Là où le film surprend, c’est dans son équilibre. Kirk Jones évite soigneusement le piège du pathos. Le regard reste profondément humain, presque pudique, et ne cherche jamais à surligner l’émotion. Les tics sont montrés pour ce qu’ils sont : incontrôlables, parfois socialement dévastateurs… mais sans jamais réduire le personnage à sa condition. Et c’est précisément là que le film trouve sa force. Mieux encore, il parvient à injecter des respirations inattendues. À des moments très précis, l’humour surgit, jamais aux dépens du personnage, mais comme un mécanisme de survie, une manière de reprendre le contrôle, ne serait-ce qu’un instant. Ce dosage est particulièrement fin : on passe de la gêne à l’empathie, de la tension à un relâchement presque salvateur, sans jamais ressentir de rupture de ton.

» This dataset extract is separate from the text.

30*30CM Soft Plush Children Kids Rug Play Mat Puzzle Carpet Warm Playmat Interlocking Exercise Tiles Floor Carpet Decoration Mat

Porté par la performance habitée de Robert Aramayo (Mon Amie Adèle, The King’s Man : Première Mission, Le Seigneur des Anneaux : Les Anneaux de Pouvoir…) qui parvient à reproduire les symptômes sans forcer ni exagérer – ce qui n’a pas dû être facile, le film construit progressivement le passage de la souffrance individuelle à une forme de prise de parole publique. Les mains tendues, les rencontres, mais aussi les humiliations et les rejets forgent peu à peu celui que l’on découvre ensuite comme activiste. Ce n’est pas un récit de victoire éclatante, mais plutôt celui d’une reconstruction lente, fragile, profondément humaine. Seule petite réserve : par pudeur ou par choix narratif, le film laisse finalement peu de place à la famille de John. Ses frères et sœurs apparaissent puis disparaissent au fil du récit, sans que l’on sache vraiment s’ils ont constitué un soutien pour lui.

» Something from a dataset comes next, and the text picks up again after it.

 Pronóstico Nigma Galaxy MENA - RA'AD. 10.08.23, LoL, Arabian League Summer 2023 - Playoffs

Autour de l’acteur principal : le jeune Scott Ellis Watson, incarne avec justesse un John Davidson adolescent, tandis que Shirley Henderson (Bridget Jones : Folle de Lui, Les Dossiers Oubliés…) a la tâche difficile d’incarner une mère en retrait. À l’affiche également, Maxine Peake (Dance First, Black Mirror…) et Peter Mullan (Mowgli : La Légende de la Jungle, Hostiles…) rayonnent en parents de substitution.

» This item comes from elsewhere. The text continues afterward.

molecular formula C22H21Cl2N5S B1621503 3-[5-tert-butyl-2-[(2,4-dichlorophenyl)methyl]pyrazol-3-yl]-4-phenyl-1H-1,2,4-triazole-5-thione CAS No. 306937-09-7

En conclusion, tendre et mélancolique à la fois, Plus Fort Que Moi trouve un équilibre délicat entre gêne, empathie et émotion. Derrière sa douceur apparente, le film charrie une vraie mélancolie, celle bien compréhensible de la solitude, du mal-être et de l’incompréhension. Kirk Jones livre un biopic sensible et sincère, qui préfère la justesse à l’esbroufe, laissant une empreinte discrète… mais durable. À voir.